現代文学での取り上げ方
出典: フリー百科事典『ウィキペディア(Wikipedia)』 (2022/04/29 01:58 UTC 版)
『元朝秘史』の物語の史実性の是非はともかく、この興味深い物語が多くの人の関心を引き寄せる魅力を持っていることに違いはない。日本の作家井上靖は小説『蒼き狼』で晩年の親子の確執と絡めて、ともに略奪された母から生まれ出自に疑問を抱きつづけるチンギス・カンとジョチの複雑な親子の関係を見事に描き出している。

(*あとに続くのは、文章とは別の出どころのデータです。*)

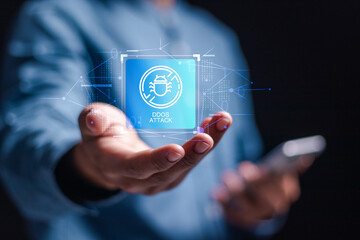 DDoS attack concept. Businessman holding virtual DDOS warning sign for online attack. Attacking the target website, Botnet malware that lurks on internet servers
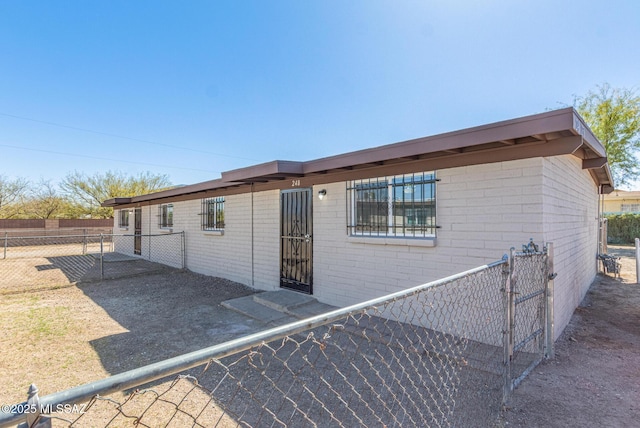 exterior space with fence and brick siding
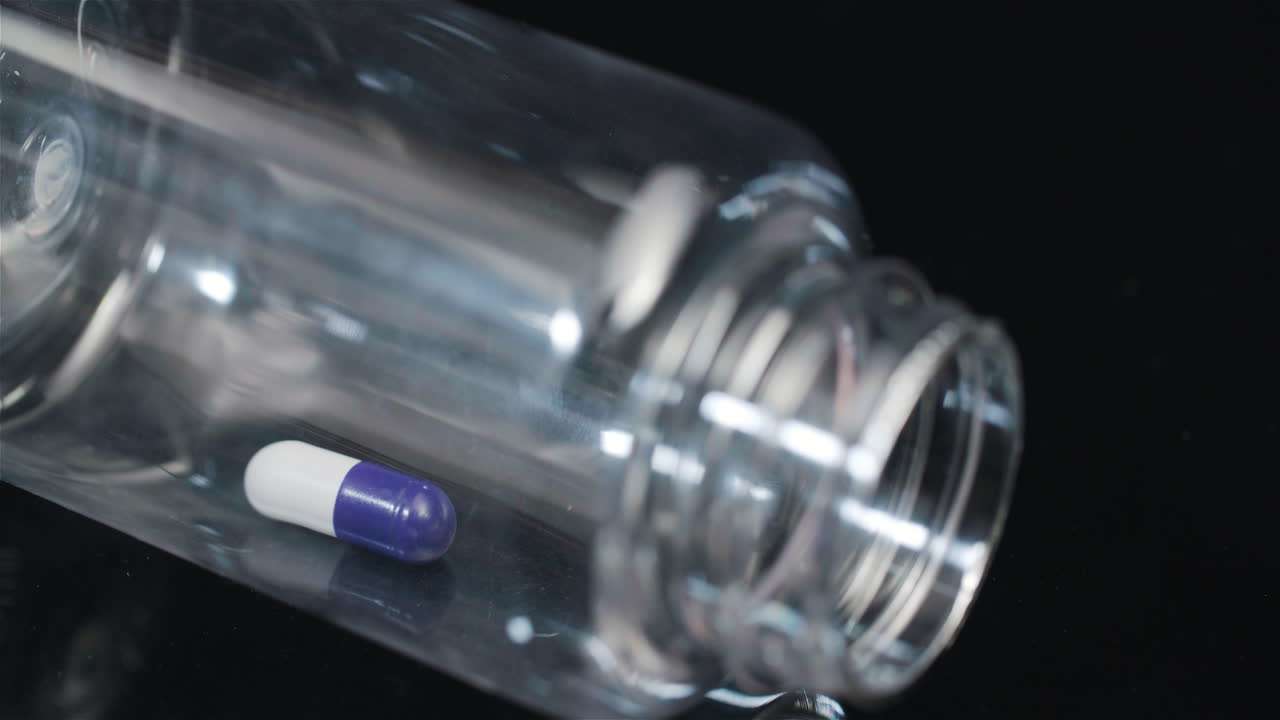 píldora médica única en botella pequeña girando sobre fondo negro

なお、井上は「父は不明」を基本スタンスとしているが、陳舜臣は『チンギス・ハーンの一族』において『集史』とほぼ同様(つまり、すでに妊娠していたとする説)の主張を行っており、チンギス・カンは自身の子であると認知、ジョチと不和であったチャガタイは、周囲がうわさしていた「メルキトの子」であるという風評を、互いが幼少時の時期に罵ったという亀裂が修復されずに成長し、そのまま成長するにいたって互いに引っ込みが付かなくなったのが決定的な亀裂の原因である、という描き方をしている。また、森村誠一は「チンギス・カンの子ではない」としているなど、歴史小説における扱いはさまざまである。